Resulta irónico, yo que siempre he defendido que la vida está construida con casualidades en las que el destino poco o nada tiene que decir, de cruces de caminos que solo podemos tomar una sola vez por primera vez, de monedas al aire en las que va escrito nuestro futuro, me halle hoy dándole vueltas a preguntas que sé a ciencia cierta que no pueden ser contestadas.

¿Qué hubiera pasado si nada hubiera pasado a mis diez años? ¿Habría conocido a la que es hoy mi mujer? ¿Hubiera pisado alguna vez la Universidad? ¿Habría tenido unos hijos como los que tengo? ¿Me llenarían las mismas cosas que hoy me hacen sentir completo? ¿Sería más feliz? ¿Lo serán ellos? ¿Lo serían, si hubieran vivido mi vida tal y como yo la he vivido?
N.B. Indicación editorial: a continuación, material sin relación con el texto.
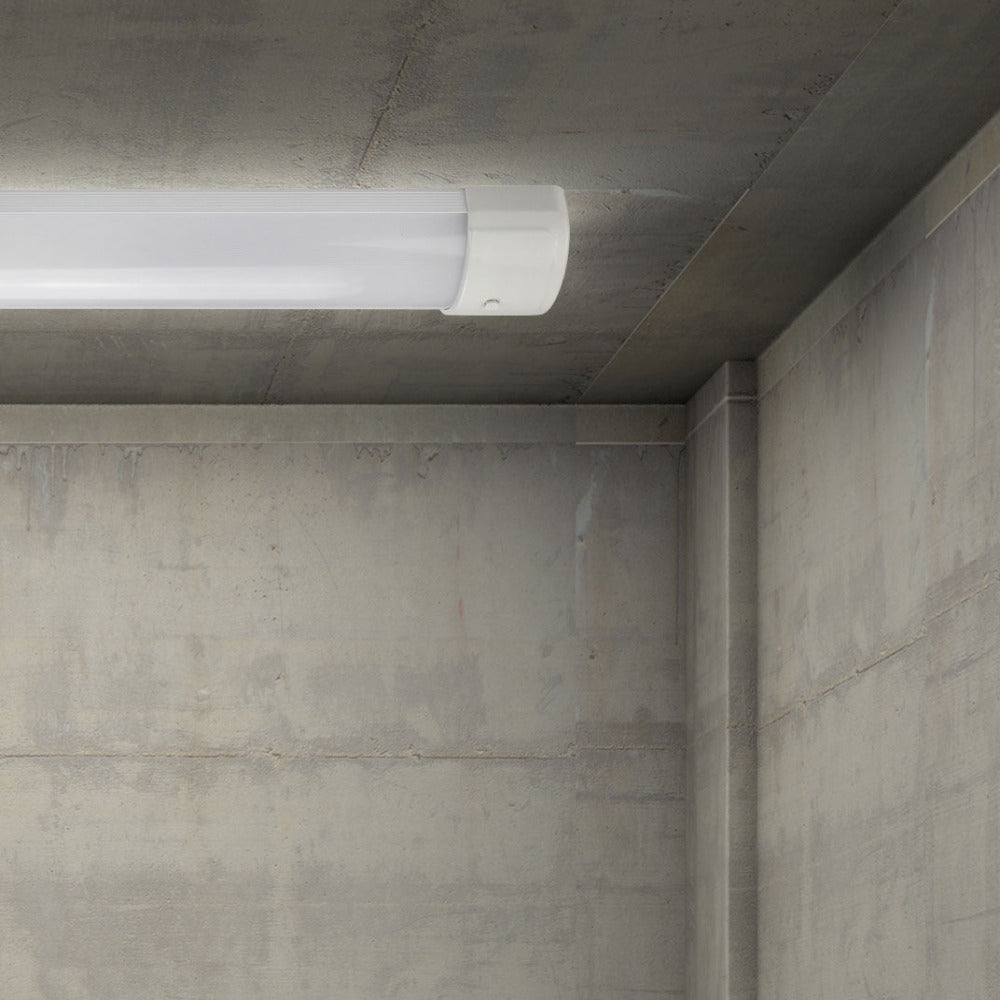 Buy LED Batten Lights Australia Edge 40W LED CCT Batten White - EDGE 120.40.3C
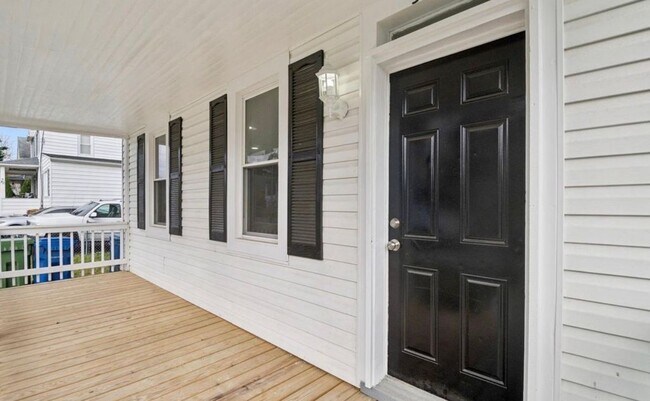 3814 Walnut Ave in Baltimore, MD - Building Photo - Building Photo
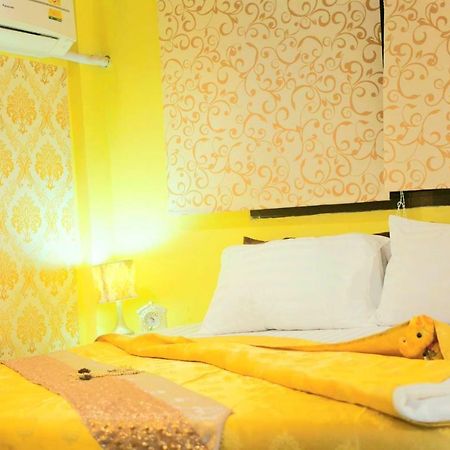 Bed and Breakfast Menulis Coolly House Patong Exterior foto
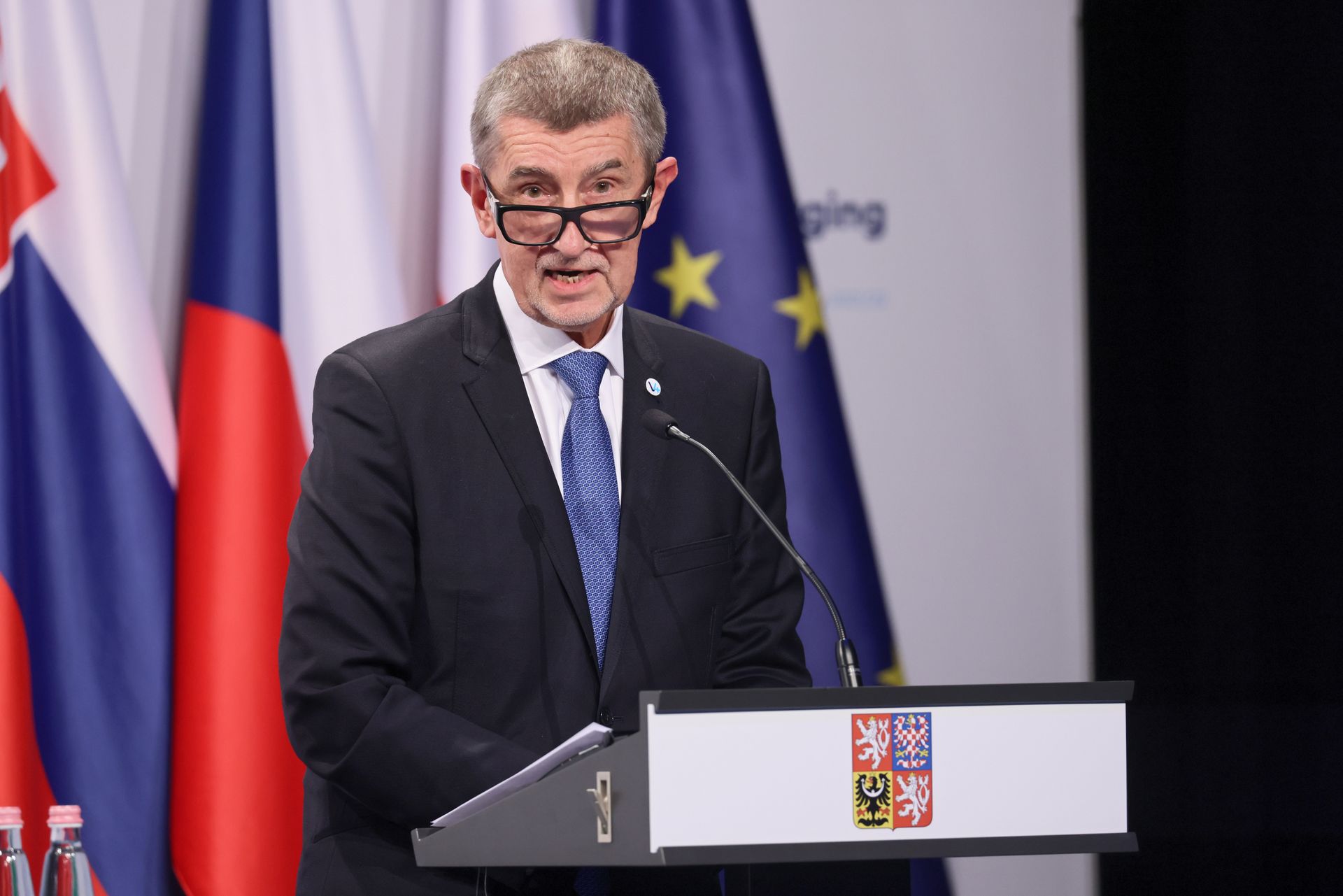 Wrócił na stanowisko. Andrej Babisz ponownie premierem Czech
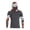 Dark Gray_006, variant on Mens Uv Protection Shirts with Mask Lightweight Long Sleeve Hooded Sun Shirt SPF 50+ UPF Hoodie Summer Fishing Shirts Red M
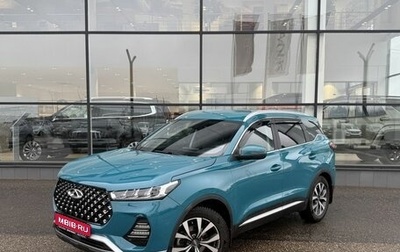 Chery Tiggo 7 Pro, 2021 год, 1 350 000 рублей, 1 фотография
Y ya que estamos, dime, ¿tú alguna vez te lo has preguntado? Ya sabes a lo que me refiero; a todos esos Qué hubiera pasado si… ¿Cómo sería hoy tu vida si él/ella no te hubiera dicho que no? ¿Si te hubieran dado aquel trabajo? ¿Si no hubieras sacado aquel billete de tren? ¿Si no hubieras ido a aquella fiesta? ¿Si hubieras marcado otra casilla en el formulario de registro? ¿Si en la moneda hubiera salido cruz? ¿Lo has hecho? ¿Alguna vez te has parado a pensar cómo serías y cómo vivirías en estos momentos? ¿Si te sentirías más feliz, más pleno, más realizado? ¿O si serías inmensamente infeliz, si envidiarías llevar una vida como la que hoy vives en la vida real?

En cualquier caso, ya te adelanto que la respuesta es siempre la misma: Ni puta idea.

Nunca podremos saberlo, viejo; no se han patentado aún las máquinas del tiempo y las bolas de cristal están en desuso. Así que tendremos que conformarnos con saber únicamente lo que hemos vivido, lo que hemos sentido y lo que hemos aprendido en nuestra propia piel. Tendremos que conformarnos con aceptar que la vida, la irreversible, caprichosa y juguetona vida, es una línea que solo sabe desplazarse hacia adelante, una carrera desbocada en la que cada versión es diferente a todas las anteriores.

Como las canciones que versiona Dylan. Benditos recuerdos de gente muy grande. Que viva la padre que los parió.